I was there to check out a band named Scratch-N-Sniff, among others, but when I got there, Tea & Sympathy was onstage doing a strong if somewhat derivative set of Faces-cum-Cult-cum-Black Crowes-type stuff. I sat at the bar with Beat Angel Keith and watched him dip his cherry Tootsie Pop into the head of his Miller Genuine Draft, then thrust the thing into his mouth. He was to repeat this action many times--well into the set by the next band, Joe Rush--though at one point, we were joined by a girl named Chandra, who was wearing what can only be described as a finely tailored, visually stunning pair of white pants. They were held together by a thin, black lacing that went from ankle to hip. But we all know that life is filled with sacrifices, and these pants were something of a metaphor for that truism, she told me. "They look good, but it's a pain in the ass to go to the bathroom," was her exact quote, I believe. Anyway. Joe Rush is a Tucson trio, oddly featuring a guy named Joe Rush. Rush was tight and punchy in a Romantics kind of way, but dull to watch.
The evening's payoff came when Scratch finally got up there, and this is one band that's got an act. The first tune featured someone beating on the singer's chest while he bellowed into the mike as general chaos reigned; it seemed like there were about ten people onstage at all times.
Musically, the group stood firmly between midperiod Zappa and late-period Zappa, which I admit is not my personal cup of tea. But S-N-S is made up of real players; the band was tighter than Chandra's pants. And talk about a show. There was a rather Rubenesque woman singer wearing antennae, a guy in full Gacyesque clown regalia who danced around and a crack horn section made up of freaks and mutants. Whether a band works through its set in tee shirts and sweat or--as in the case of Scratch--with trunkloads of costumes, it's great to see people going all out. Go see these guys.
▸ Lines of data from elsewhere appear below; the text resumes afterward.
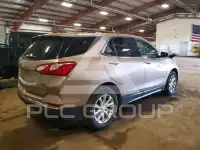 2019 Chevrolet Equinox фото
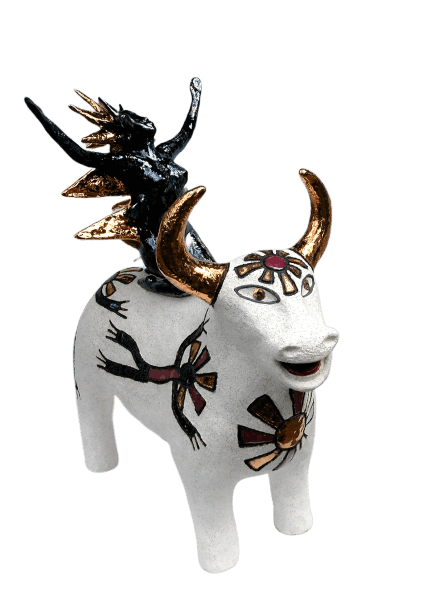 Sun Bull II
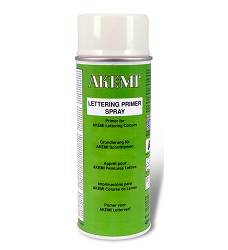 Akemi Lettering Primer sprej 400ml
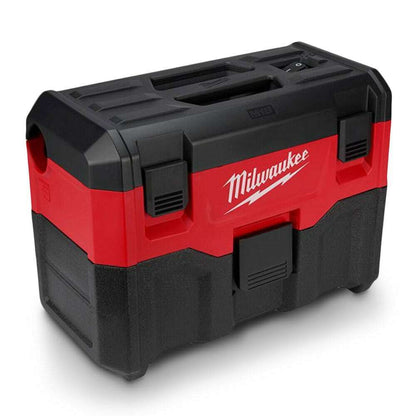 Milwaukee 18V Cordless Wet Dry Vacuum Cleaner Blower Portable Bagless Industrial - Homegrown - StoresHomegrown - Stores119607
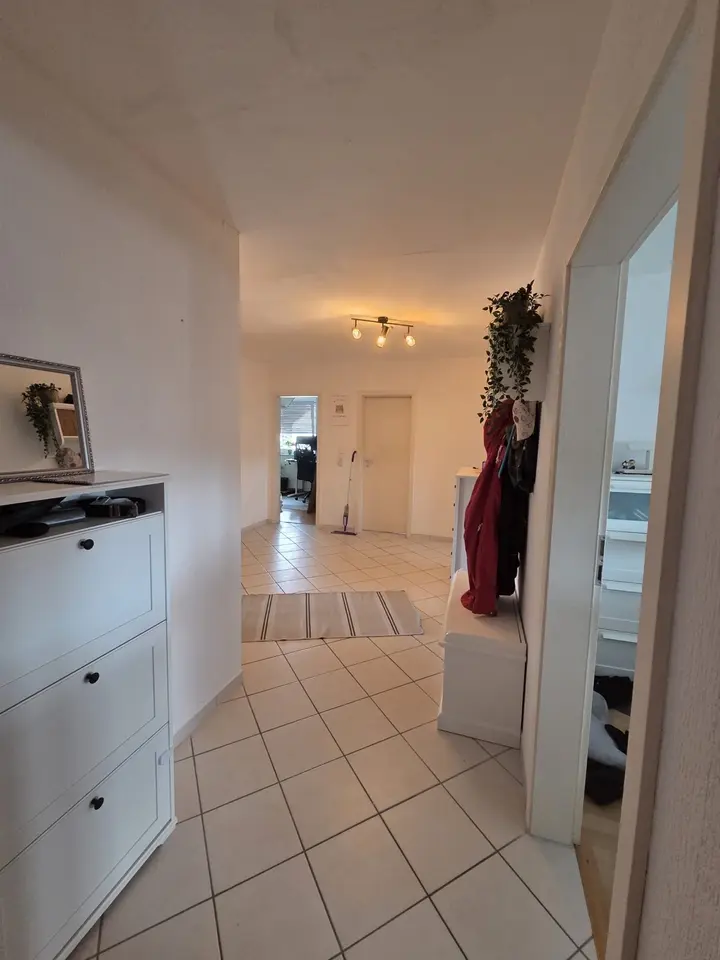 4 Zimmer Wohnung mit 98 m² in Salzgitter – Bild 5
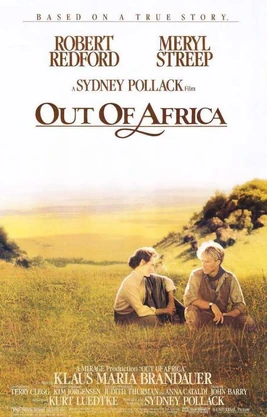 Out-of-africa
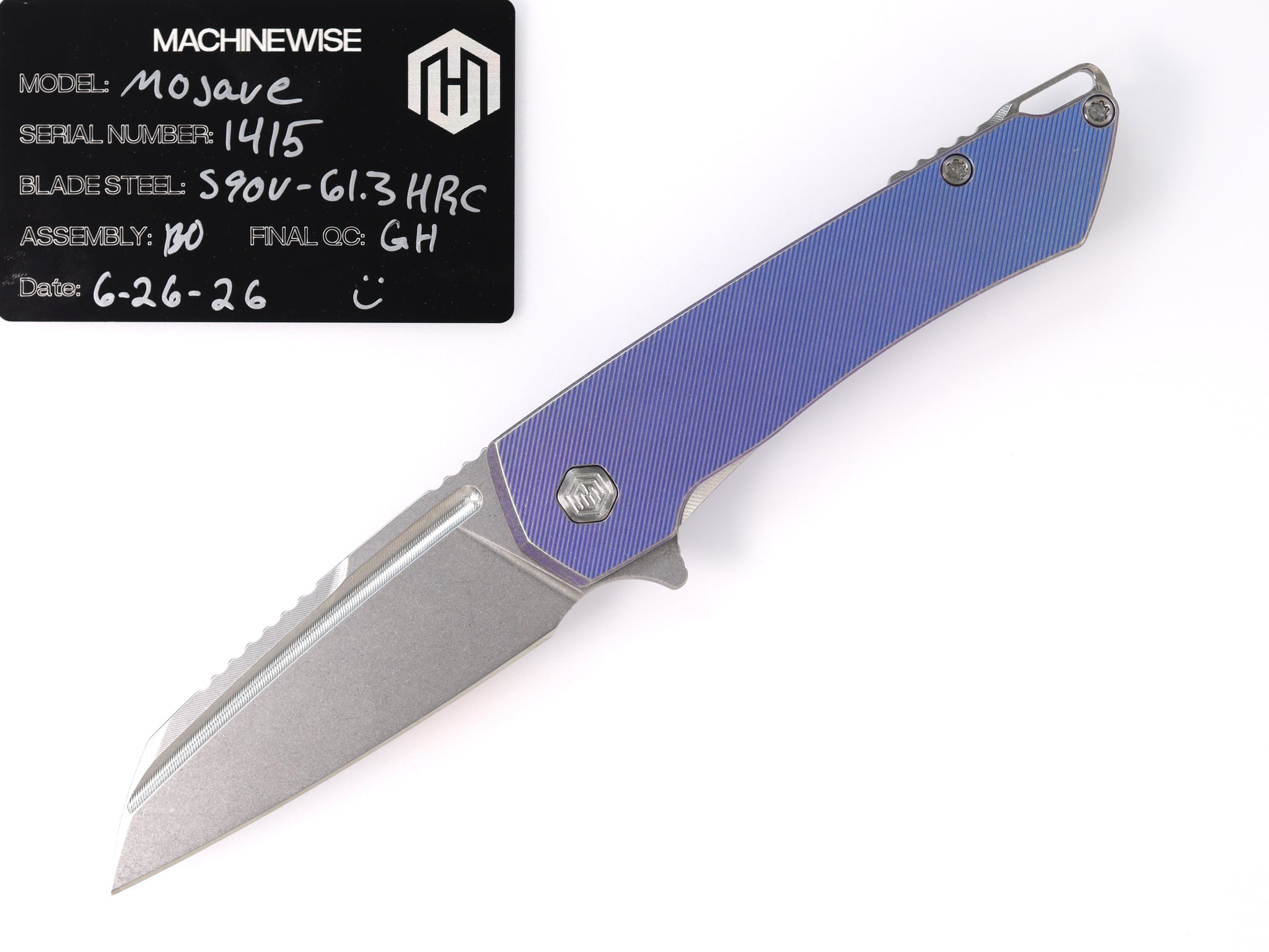 Mojave 1415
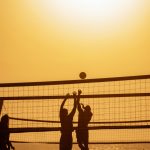 Come organizzare un torneo di beach volley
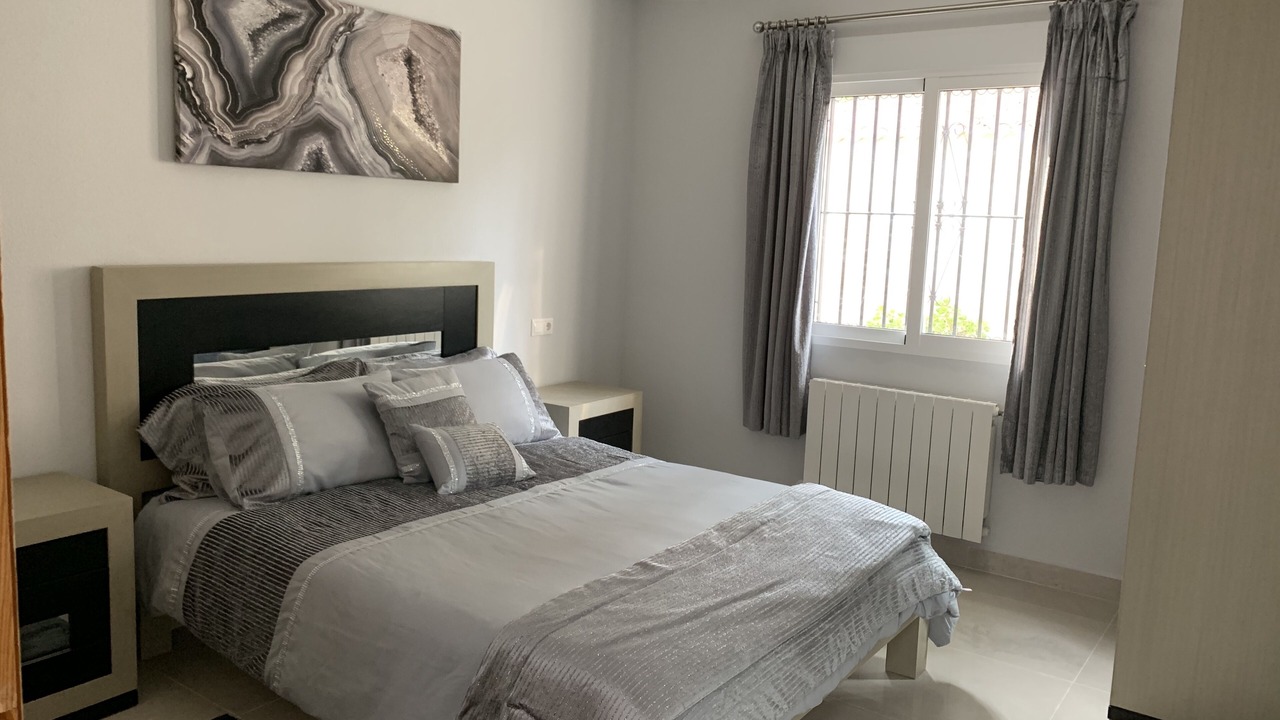 Photo of Bedroom in Pinar de Campoverde
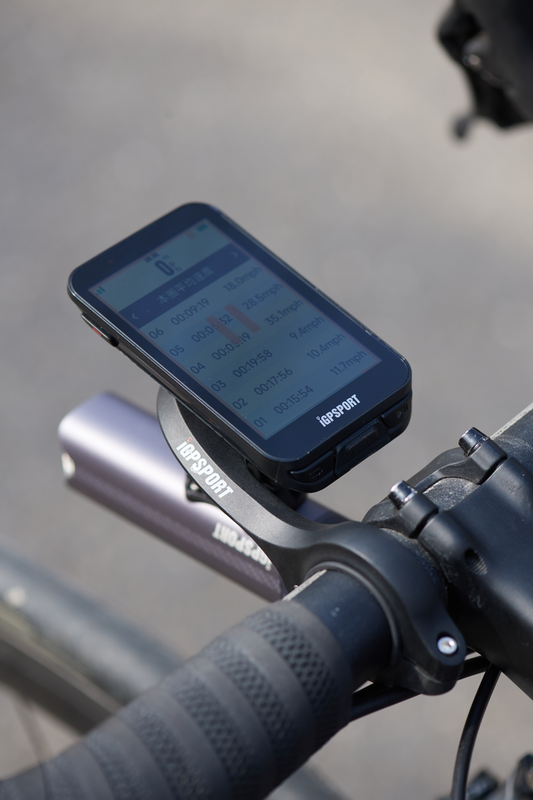 800 Bike Computer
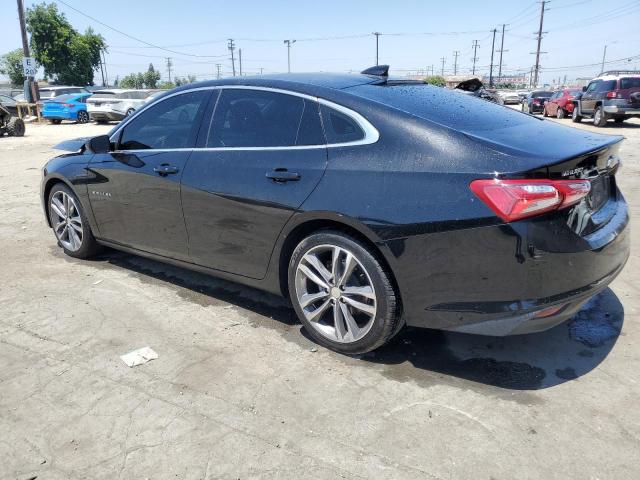 2022 CHEVROLET MALIBU LT - 1G1ZD5ST0NF131278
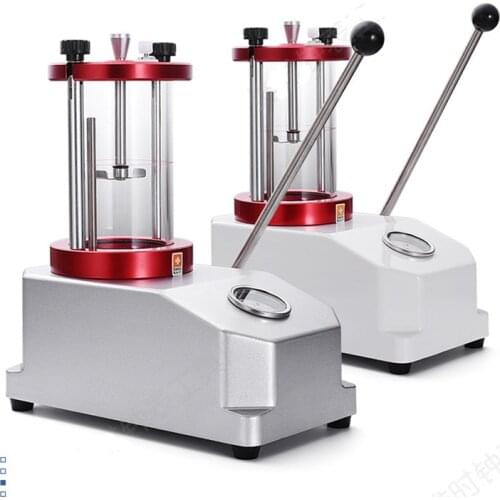 Watch Waterproof Tester Watch Case Water Resistant Testing Machine Watchmaker Instruments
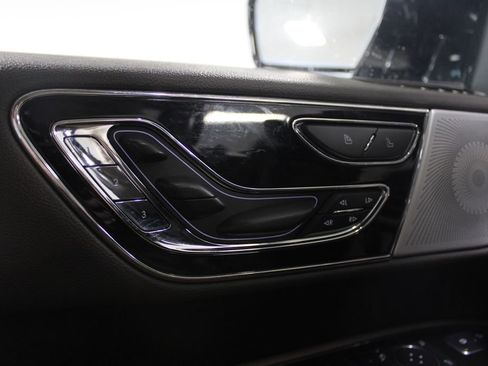 Used 2023 Lincoln Navigator Reserve image 43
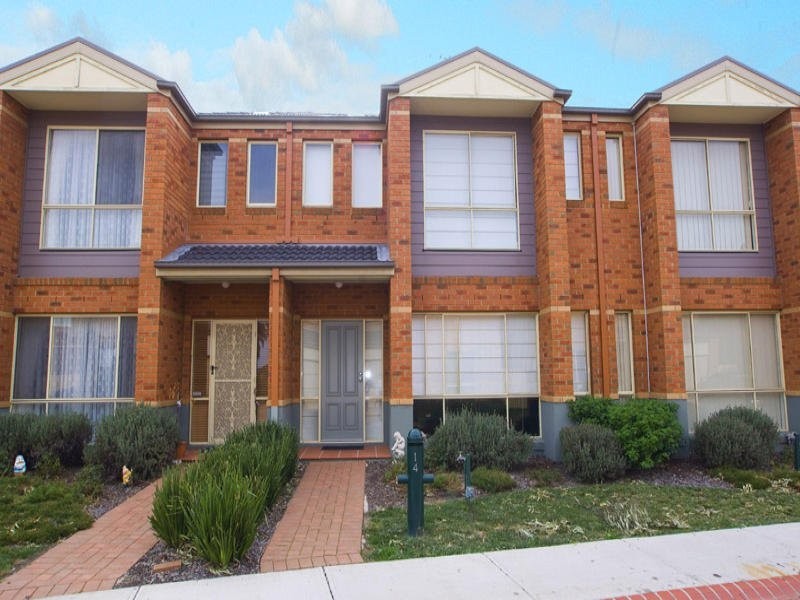 14 Newell Street, South Morang VIC 3752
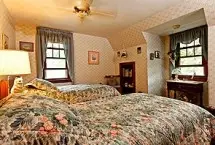 Photograph of Ocean Gold Bed & Breakfast, Brewster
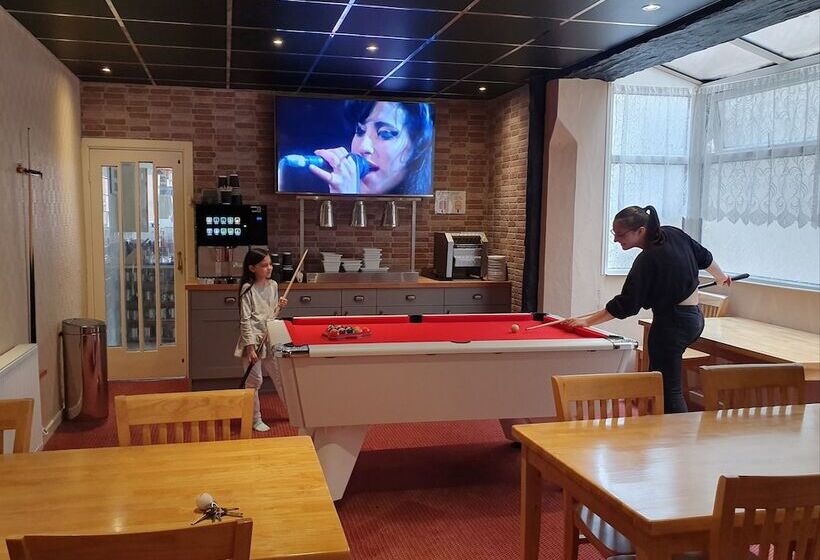 Fotos del hotel The Kings Cross:  24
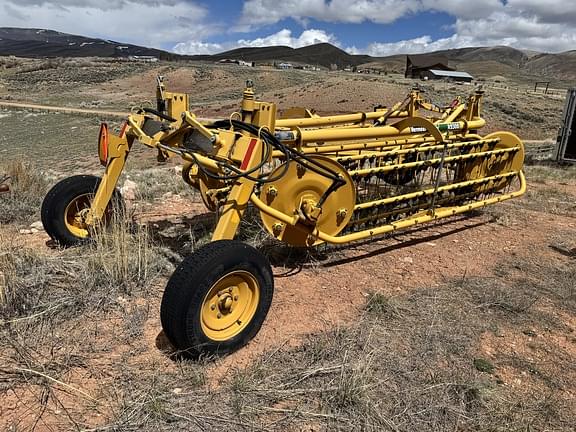 Image of Vermeer R2300 equipment image 4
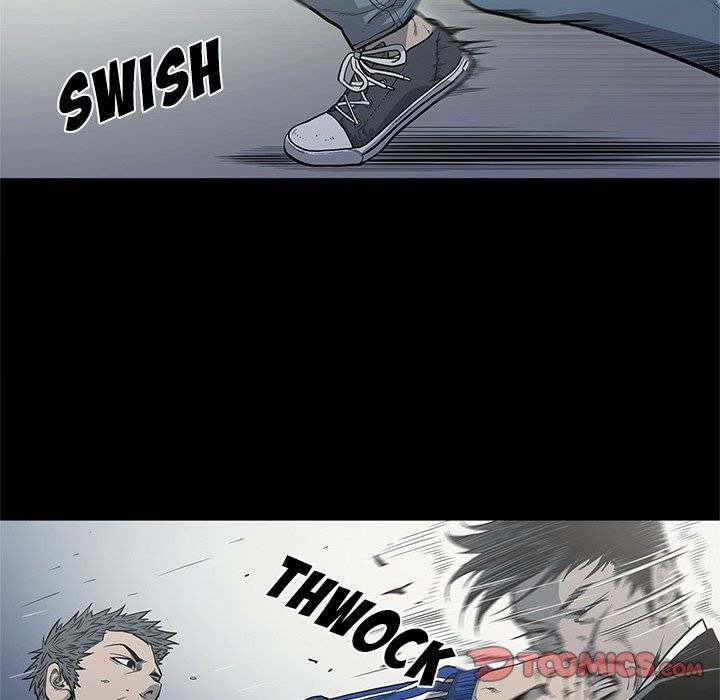 On My Way chapter 91 page 66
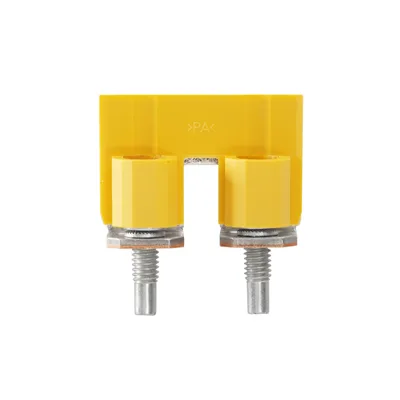 Weidmuller 1079200000 - 1079200000 - WQV 35N/2
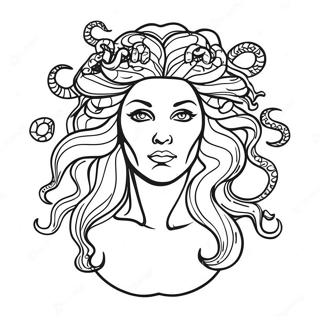 Bojanka Meduza U Dramaticnoj Pozi 53834-11783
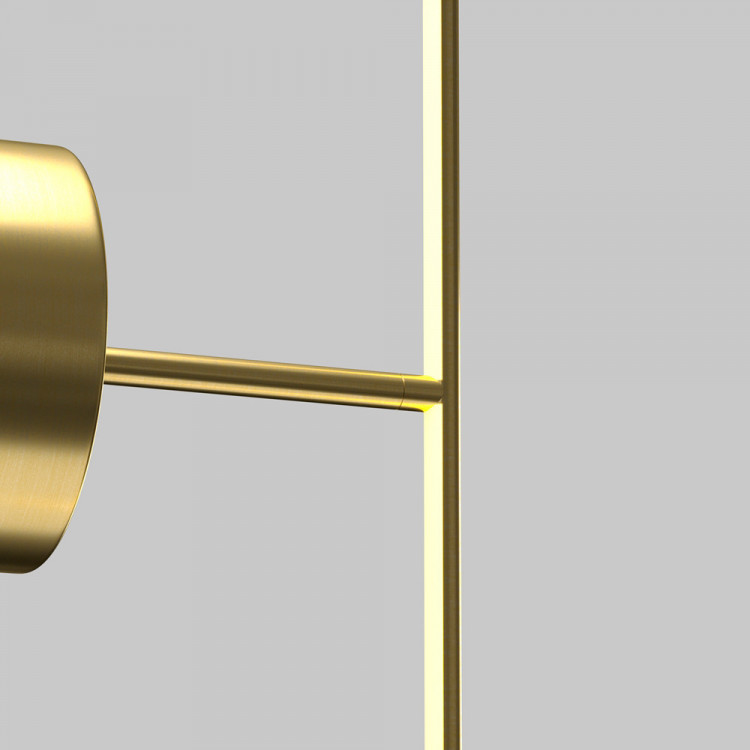 Бра Maytoni Elegant C084WL-L7BS2.7K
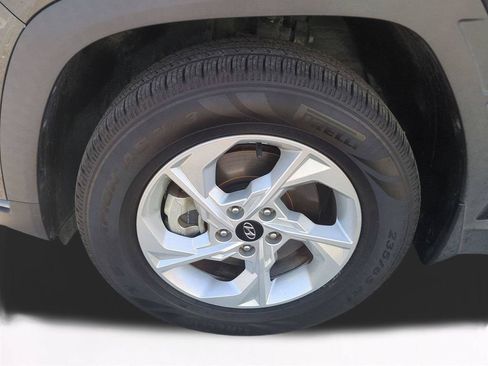 Used 2023 Hyundai Tucson SEL AWD/4WD image 11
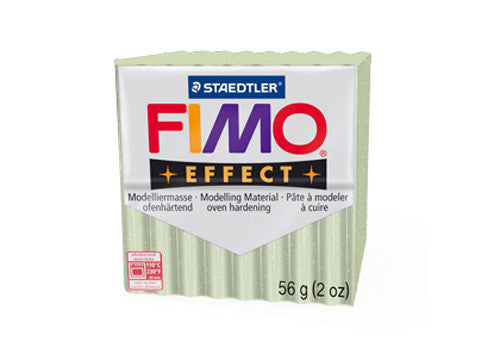 Fimo Effect - Glow in the Dark - 57g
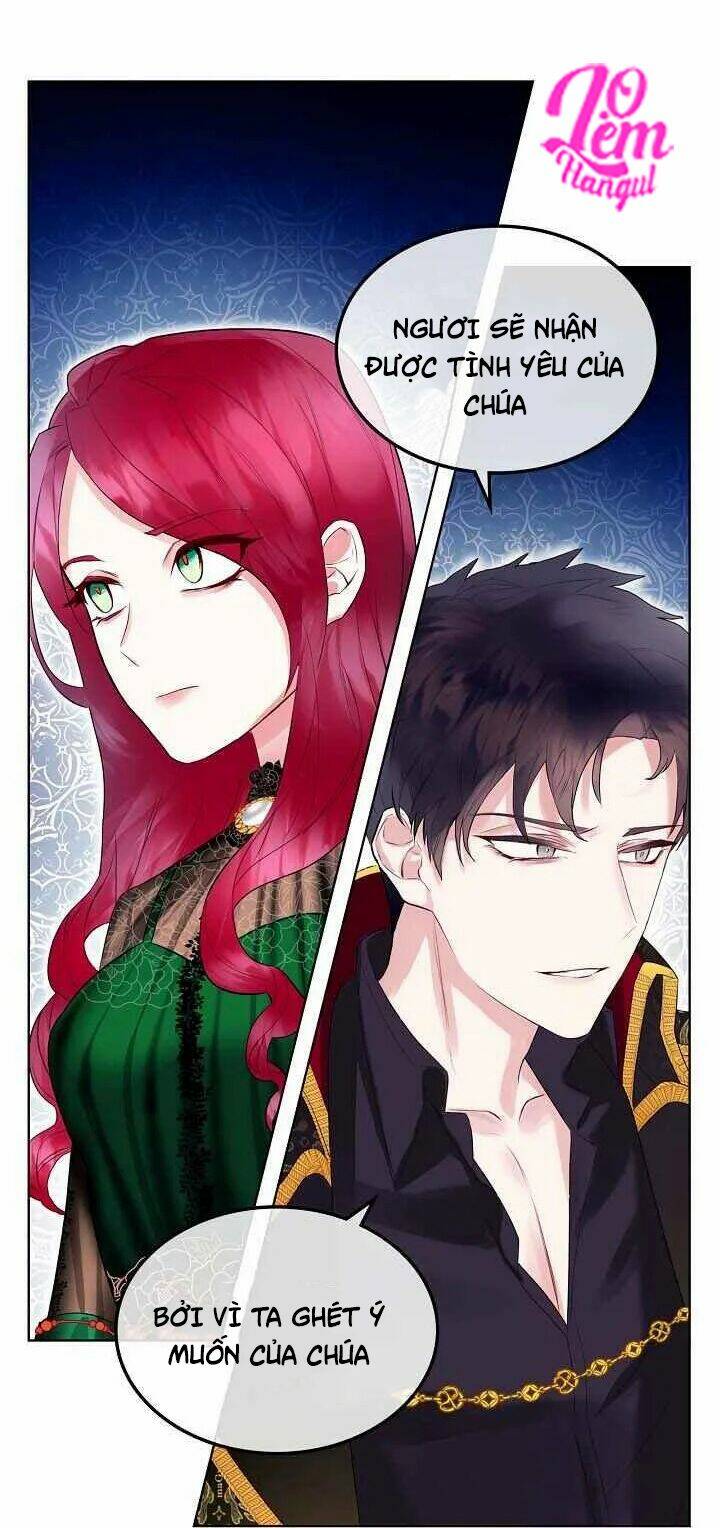 kẻ tạo ra nữ phản diện chapter 5 5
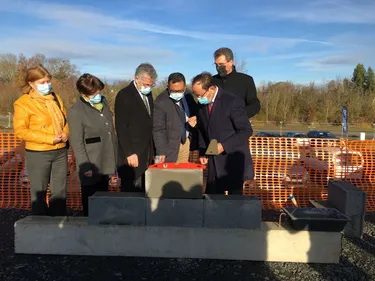 Grez-Neuville. Une Maison départementale des solidarités en 2021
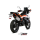 MIVV-SLIP-ON SPEED EDGE - Edelstahl für KTM - 890 SMT BJ. 2023 > 2024 - KT.021.LRX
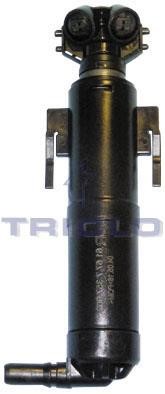 Triclo 190607 Headlight Cleaning System 190607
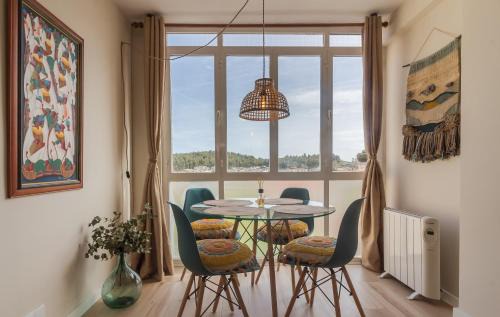 Celorio Apartment | Ideal El Papimba de Celorio, Steps from the Beach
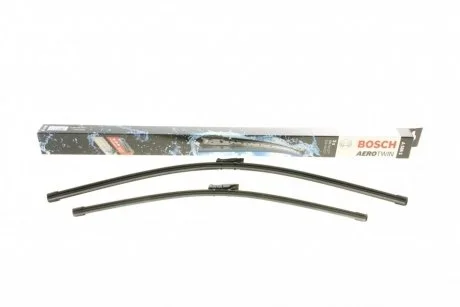 Щітка скло очистить. 680/515 AEROTWIN A586S BOSCH 3397007586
After that, the Beat Angels were up. The Angels played great, but if I write any more good stuff about them, people are gonna think I'm getting paid off. So home I went, but on the way, ran into New Times' own investigative superstar John Dougherty--who was apparently feeling little or no pain--and we wound up in someone's basement watching eight people dance to old Cure videos. I made it back to the yellow house, slept, got up at noon and found a roll of toilet paper hanging on my front door. But you already know about that.
Congrats to the Refreshments, who got a free trip to Seattle on the nickel of Ticketmaster. The band was one of five selected from the Western region of the Ticketmaster showcase gigs to perform in the great Pacific Northwest on October 15, providing exposure and the chance for free recording time. The Name Has Been Changed to Protect the Copyright: Hold on to your seats. At 6 p.m. on October 1, Tao Overstreet became Idols of Perversity. Apparently, a group of miffed monks from India had legal claim to the name, and put the stones to the Tempe quintet to find a new moniker or else. Though "Idols of Perversity" may seem a rather drastic jump from the restrained poetry of "Tao Overstreet," the band's press release says "the name change will avoid all legal problems they may have encountered with their friends in spirit, as well, coincidentally, it reflects more appropriately the direction of the band and their music." I can hardly wait! Express Your Ragged Self, courtesy of the new ragtime branch of the Arizona Classic Jazz Society. It's holding a "ragtime playing seminar" on Monday at the Sunburst Resort lounge at 7 p.m. Bring your own instrument, and experience is not necessary. I'm not kidding! Call 945-7252.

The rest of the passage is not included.